Spatial and Temporal Analysis of Twitter Activity during Hurricane Dorian

Purpose

The purpose of this exercise is to analyze the geographic and temporal distribution of Tweets in the Eastern United States during Hurricane Dorian. In the process of this, we will cover a number off things. First, we will practice scraping twitter data in R using rtweet, cleaning it, and visualizing its temporal trends and performing sentiment analysis. Then, we will send the data to a PostGIS database to join it to county level data and count the level of tweets by county. Then, we will visualize the data with a heatmap of raw tweets and a choropleth of the NDTI (Normalized Tweet Difference Index). Finally, we will use GeoDa to perform a spatial hotspot analysis. Additionally, one of the motivating factors behind this lab was to see if there was a rise in Dorian-related tweets in Alabama after the “sharpie-gate” incident.

Software

The following softwares were used to complete this exercise:

Data

Some of the relevant data for this project will be acquired (with explanation) while the scripts are run. Other data, specifically the actualy twitter content, requires a Twitter API (developer account) to use.

You can download the status ID’s for the tweets analyzed in this exercise here:

Twitter Content Analysis in R

The first portion of this analysis consists of scraping twitter data into R and performing some analyses of the twitter content. You can download the entire R script but I will walk through some of the code as well.

Once you have installed the necesarry packages and loaded them into you library, you can load your API information into R and start scraping twitter data. This requires an API and you can only scrape tweets from the past week.

Code:

#set up twitter API information // #replace app, consumer_key, and consumer_secret data with your own developer acct info
#this should launch a web browser and ask you to log in to twitter
twitter_token <- create_token(
  app = "name",  					
  consumer_key = "key",  	
  consumer_secret = "secret", 
  access_token = "token",
  access_secret = "secret"
)

#get tweets for hurricane Dorian, searched on September 11, 2019
dorian <- search_tweets("dorian OR hurricane OR sharpiegate", 
                        n=200000,
                        include_rts=FALSE, 
                        token=twitter_token, 
                        geocode="32,-78,1000mi", 
                        retryonratelimit=TRUE)

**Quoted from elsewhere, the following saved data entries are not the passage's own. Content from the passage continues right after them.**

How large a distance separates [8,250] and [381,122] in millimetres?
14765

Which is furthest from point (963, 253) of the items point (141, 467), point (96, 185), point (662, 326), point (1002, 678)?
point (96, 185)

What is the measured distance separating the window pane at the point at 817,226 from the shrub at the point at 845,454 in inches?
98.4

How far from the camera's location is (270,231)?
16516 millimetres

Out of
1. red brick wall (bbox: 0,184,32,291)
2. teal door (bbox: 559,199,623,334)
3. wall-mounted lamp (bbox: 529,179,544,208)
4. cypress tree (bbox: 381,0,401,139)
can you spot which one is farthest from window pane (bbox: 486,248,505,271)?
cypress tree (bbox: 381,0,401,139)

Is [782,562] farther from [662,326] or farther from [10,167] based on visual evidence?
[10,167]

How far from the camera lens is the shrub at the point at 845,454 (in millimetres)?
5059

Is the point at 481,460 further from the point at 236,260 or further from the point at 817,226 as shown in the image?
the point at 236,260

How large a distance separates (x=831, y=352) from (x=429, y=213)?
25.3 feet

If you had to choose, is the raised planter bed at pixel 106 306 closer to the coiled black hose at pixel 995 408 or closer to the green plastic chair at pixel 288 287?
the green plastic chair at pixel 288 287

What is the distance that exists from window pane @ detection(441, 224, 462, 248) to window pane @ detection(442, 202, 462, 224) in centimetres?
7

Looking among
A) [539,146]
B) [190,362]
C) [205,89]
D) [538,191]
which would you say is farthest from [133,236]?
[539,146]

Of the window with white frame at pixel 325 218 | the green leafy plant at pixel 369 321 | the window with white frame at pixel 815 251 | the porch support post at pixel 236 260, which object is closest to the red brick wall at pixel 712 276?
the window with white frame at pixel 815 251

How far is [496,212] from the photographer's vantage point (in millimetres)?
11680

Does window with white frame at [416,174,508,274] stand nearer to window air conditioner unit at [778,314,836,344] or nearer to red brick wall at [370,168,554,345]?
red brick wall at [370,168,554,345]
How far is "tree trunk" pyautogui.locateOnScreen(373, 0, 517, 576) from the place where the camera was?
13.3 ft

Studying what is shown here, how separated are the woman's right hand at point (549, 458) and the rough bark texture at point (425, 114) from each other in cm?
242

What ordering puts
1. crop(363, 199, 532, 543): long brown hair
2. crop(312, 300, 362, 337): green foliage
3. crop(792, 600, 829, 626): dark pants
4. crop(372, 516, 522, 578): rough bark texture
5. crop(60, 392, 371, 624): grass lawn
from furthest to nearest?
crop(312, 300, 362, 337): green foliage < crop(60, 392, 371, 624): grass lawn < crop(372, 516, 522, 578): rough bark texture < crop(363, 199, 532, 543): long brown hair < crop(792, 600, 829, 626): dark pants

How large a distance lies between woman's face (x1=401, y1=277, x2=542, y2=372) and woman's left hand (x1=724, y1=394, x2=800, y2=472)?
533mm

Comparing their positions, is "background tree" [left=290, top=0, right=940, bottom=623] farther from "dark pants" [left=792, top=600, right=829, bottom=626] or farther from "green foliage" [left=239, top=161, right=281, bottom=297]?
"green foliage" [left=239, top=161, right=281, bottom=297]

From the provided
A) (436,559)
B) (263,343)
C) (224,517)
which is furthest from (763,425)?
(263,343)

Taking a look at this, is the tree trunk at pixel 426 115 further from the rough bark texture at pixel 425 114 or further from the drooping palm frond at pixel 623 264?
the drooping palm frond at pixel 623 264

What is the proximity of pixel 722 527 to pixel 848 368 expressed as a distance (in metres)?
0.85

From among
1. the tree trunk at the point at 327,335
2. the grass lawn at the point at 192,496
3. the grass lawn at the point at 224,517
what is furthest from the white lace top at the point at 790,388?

Once you have saved the data into your environment, you can begin analyzing and visualizing the twitter content. Here, we will clean the tweets to only include plain text, unnest them (make rows out of individual words instead of rows of whole tweets), remove the stopwords, and visualize the most used words related to the hurricane.

Code:

dorian$text <- plain_tweets(dorian$text)

dorianText <- select(dorian,text)
dorianWords <- unnest_tokens(dorianText, word, text)

# how many words do you have including the stop words?
count(dorianWords)

#create list of stop words (useless words) and add "t.co" twitter links to the list
data("stop_words")
stop_words <- stop_words %>% add_row(word="t.co",lexicon = "SMART")

dorianWords <- dorianWords %>%
  anti_join(stop_words) 

# how many words after removing the stop words?
count(dorianWords)

orianWords %>%
  count(word, sort = TRUE) %>%
  top_n(15) %>%
  mutate(word = reorder(word, n)) %>%
  ggplot(aes(x = word, y = n),
         fill = "darkslategray4") +
  geom_col() +
  xlab(NULL) +
  coord_flip() +
  labs(x = "Count",
       y = "Unique words",
       title = "Count of 15 Most Popular Words in Dorian Tweets") +
  theme(plot.title = element_text(hjust = 0.5),
        axis.text.y = element_text(size = 1)) +
  theme_bw()

The next visualization will pair words in a word cloud that have been used in over 30 tweets together

Code:

#create word pairs
dorianWordPairs <- dorianWords %>% select(word) %>%
  mutate(word = removeWords(word, stop_words$word)) %>%
  unnest_tokens(paired_words, word, token = "ngrams", n = 2)

dorianWordPairs <- separate(dorianWordPairs, paired_words, c("word1", "word2"),sep=" ")
dorianWordPairs <- dorianWordPairs %>% count(word1, word2, sort=TRUE)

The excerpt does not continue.